Wpis z mikrobloga

@Castellano
P---------e kotka za pomocą młotka.
Spożycie spada, ale produkcja rośnie więc dla przygłupów piszących clickbaitowe wysrywy sprzedaż za granicę = sprzedaż w kraju i jak wiadomo obalenie jeszcze ciepłej banderoli zaraz pod sklepem.
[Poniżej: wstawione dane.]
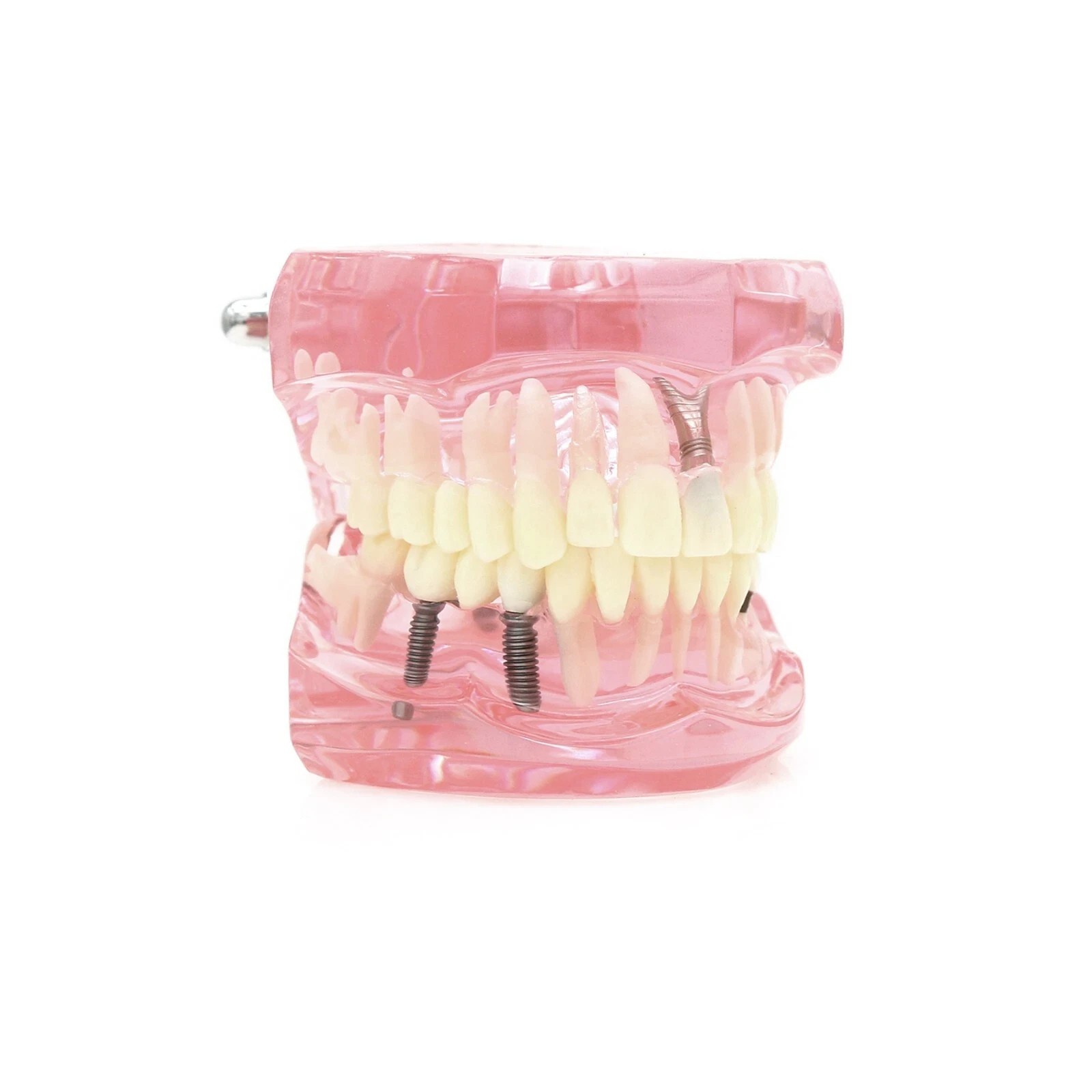 Dental Implant Teeth Model Teach Study Demo Restoration Pathology #2001 Pink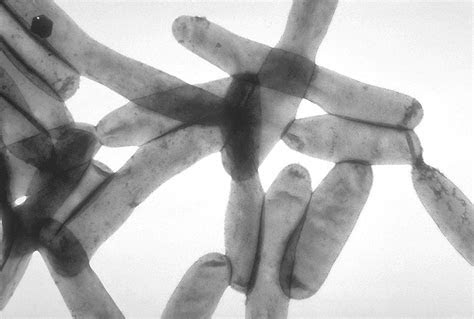 La legionella è un bacillo che provoca una malattia che si trasmette per via aerea chiamata legionellosi che colpisce prevalentemente il sistema . Legionellen in Alters- und Pflegeheimen: Ein potentielles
12 litrów spirytusu to jest pi razy drzwi 30 połówek wódki na głowę.
Przyznać się - ilu znacie typków którzy zrobili coś takiego w poprzednim roku? Mam nadzieję, że znacie takich tysiące bo się okazuje, że każdy
  • Odpowiedz
@Castellano: kurde, aż mi się wierzyć nie chce. Myślałam, że za PRL było gorzej, np. picie było tolerowane nawet w pracy, co dzisiaj jest nie do pomyślenia. Naprawdę jestem zaskoczona.
  • Odpowiedz
@w__k
Czyli teraz jest narracja, że co druga osoba w tym kraju rano przed pracą podjeżdża do monopolowego i kupuje małpkę, żeby się dobrze stało w korku do korpo.

Pewnie milon kierowców zawodowych w tym kraju też codziennie rano wali dwa browarki co nie?
  • Odpowiedz
@wojtoon: czyli jak nie wierzysz w zmierzone statystyki, to tym gorzej dla statystyk?

Czyli teraz jest narracja, że co druga osoba w tym kraju rano przed pracą podjeżdża do monopolowego i kupuje małpkę


@wojtoon: nie co druga, ale schodzi milion małpek dziennie przed południem. W to też nie potrafisz uwierzyć, więc nie jest prawdą?